Abstract

Siderophores are low-molecular-weight metal chelators that function in microbial iron uptake. As iron limits primary productivity in many environments, siderophores are of great ecological importance. Additionally, their metal binding properties have attracted interest for uses in medicine and bioremediation. Here, we review the current state of knowledge concerning the siderophores produced by cyanobacteria. We give an overview of all cyanobacterial species with known siderophore production, finding siderophores produced in all but the most basal clades, and in a wide variety of environments.
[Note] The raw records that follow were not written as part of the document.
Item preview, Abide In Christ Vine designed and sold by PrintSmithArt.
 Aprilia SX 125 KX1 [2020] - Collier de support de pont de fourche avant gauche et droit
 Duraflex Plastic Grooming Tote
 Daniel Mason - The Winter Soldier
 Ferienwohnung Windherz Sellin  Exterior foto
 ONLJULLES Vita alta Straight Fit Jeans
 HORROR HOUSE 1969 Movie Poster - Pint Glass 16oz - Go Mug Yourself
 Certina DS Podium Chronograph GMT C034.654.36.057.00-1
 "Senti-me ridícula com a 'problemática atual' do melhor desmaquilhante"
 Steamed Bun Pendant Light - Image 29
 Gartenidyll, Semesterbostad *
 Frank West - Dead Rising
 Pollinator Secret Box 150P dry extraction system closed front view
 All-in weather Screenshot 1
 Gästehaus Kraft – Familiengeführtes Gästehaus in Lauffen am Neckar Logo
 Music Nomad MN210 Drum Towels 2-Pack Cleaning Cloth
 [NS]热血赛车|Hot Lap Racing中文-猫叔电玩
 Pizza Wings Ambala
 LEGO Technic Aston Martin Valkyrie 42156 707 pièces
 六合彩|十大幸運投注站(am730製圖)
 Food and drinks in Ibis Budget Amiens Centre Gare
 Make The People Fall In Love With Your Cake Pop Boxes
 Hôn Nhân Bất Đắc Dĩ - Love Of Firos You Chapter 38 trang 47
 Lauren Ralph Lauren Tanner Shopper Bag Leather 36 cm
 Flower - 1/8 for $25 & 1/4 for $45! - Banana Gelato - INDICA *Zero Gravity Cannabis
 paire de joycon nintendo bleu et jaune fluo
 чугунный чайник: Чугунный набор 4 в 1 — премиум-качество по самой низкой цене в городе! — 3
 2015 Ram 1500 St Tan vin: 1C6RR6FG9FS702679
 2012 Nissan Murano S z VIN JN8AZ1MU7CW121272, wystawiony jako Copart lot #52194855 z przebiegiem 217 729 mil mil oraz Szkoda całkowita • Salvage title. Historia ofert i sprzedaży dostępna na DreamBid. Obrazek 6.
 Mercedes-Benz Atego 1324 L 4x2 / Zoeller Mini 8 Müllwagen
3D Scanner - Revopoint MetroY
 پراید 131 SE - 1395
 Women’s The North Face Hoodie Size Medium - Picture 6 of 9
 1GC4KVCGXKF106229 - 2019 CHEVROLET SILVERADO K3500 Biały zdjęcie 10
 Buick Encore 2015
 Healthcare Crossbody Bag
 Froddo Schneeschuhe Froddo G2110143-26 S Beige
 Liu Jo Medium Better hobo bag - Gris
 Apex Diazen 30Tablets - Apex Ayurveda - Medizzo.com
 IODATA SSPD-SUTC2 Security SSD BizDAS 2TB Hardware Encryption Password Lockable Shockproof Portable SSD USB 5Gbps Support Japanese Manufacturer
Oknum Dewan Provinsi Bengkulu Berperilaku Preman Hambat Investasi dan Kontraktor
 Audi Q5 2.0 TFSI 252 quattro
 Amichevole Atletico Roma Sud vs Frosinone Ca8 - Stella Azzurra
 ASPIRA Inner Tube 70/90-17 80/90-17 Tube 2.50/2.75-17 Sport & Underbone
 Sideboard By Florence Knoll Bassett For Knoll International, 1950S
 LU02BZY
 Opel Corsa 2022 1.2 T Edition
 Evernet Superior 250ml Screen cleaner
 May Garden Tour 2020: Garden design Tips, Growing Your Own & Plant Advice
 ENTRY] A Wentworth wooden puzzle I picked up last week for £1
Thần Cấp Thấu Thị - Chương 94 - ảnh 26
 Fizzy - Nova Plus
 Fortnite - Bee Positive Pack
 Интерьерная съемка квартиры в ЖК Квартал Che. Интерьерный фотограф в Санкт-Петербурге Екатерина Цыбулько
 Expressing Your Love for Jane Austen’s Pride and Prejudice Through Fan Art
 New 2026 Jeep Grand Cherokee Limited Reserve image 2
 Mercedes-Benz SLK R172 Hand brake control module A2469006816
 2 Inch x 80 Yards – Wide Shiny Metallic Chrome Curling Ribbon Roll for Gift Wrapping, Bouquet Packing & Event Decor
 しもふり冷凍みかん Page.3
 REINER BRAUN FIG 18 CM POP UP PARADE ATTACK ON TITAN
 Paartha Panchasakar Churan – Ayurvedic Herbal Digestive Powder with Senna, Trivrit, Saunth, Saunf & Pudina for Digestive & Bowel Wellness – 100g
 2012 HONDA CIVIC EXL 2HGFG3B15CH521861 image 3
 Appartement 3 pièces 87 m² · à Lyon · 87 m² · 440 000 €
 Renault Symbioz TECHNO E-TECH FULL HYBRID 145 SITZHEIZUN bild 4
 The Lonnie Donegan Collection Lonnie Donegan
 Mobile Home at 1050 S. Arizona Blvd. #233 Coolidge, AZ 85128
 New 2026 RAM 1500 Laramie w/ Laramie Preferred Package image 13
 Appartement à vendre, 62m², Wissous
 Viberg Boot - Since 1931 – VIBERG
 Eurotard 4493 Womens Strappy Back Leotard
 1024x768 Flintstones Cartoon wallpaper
We explore what is known about the structure, biosynthesis, and cycling of the cyanobacterial siderophores that have been characterized: Synechobactin, schizokinen and anachelin. We also highlight alternative siderophore functionality and technological potential, finding allelopathic effects on competing phytoplankton and likely roles in limiting heavy-metal toxicity. Methodological improvements in siderophore characterization and detection are briefly described. Since most known cyanobacterial siderophores have not been structurally characterized, the application of mass spectrometry techniques will likely reveal a breadth of variation within these important molecules.

Highlights

  • Cyanobacteria rely on iron as an essential cofactor for performing oxygenic photosynthesis and have much larger iron requirements than non-photosynthetic organisms [1]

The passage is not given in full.